This collection continues the artist’s reflection on balance — an artistic intervention, a collage woven into a sketched-out moment of dialogue. Kaja Kant explores the way space is filled or left unfilled by the rhythms of the material that constructs each figure. The line becomes a defining element of identity. Yet, the characters no longer seem to communicate through senses; they appear suspended, dormant.
Each composition carries silence — a quality intensified by the open space deliberately left in the central part of each piece. It is meant to be quiet, hollow, even still. Though the series is rendered in a light, airy key, it speaks of an invisible but powerful presence: space. This space becomes a safe zone for dialogue, integration, and connection — even when such communication feels absent.

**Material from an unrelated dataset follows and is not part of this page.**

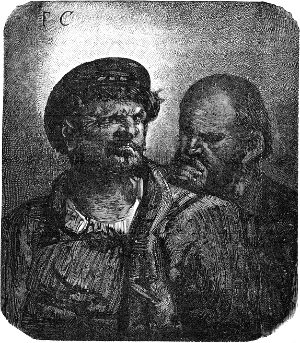 Рантен и Клубен. Иллюстрация к роману Виктора Гюго «Труженики моря». Художник Франсуа Шифляр. Издание 1882 г.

The series serves as a symbol of today’s communication landscape — one defined by distance, digital filters, and simulated proximity. In a time of internet-driven interaction, we turn toward each other without truly seeing one another. Full dialogue has been fractured. The artist suggests we’ve learned to exist within a layer of insulation — a kind of soft shell created by our screens and devices, floating in the cloud.
“Open Faces” is a visual meditation on the paradox of presence in the digital age. It investigates the outlines of emotional contact — or its erosion — and the silent void left between us. Through minimal form, suspended gestures, and carefully held space, the artist invites us to feel the absence that defines so much of our modern connection. It is not the lack of contact that echoes — but the space that once held it.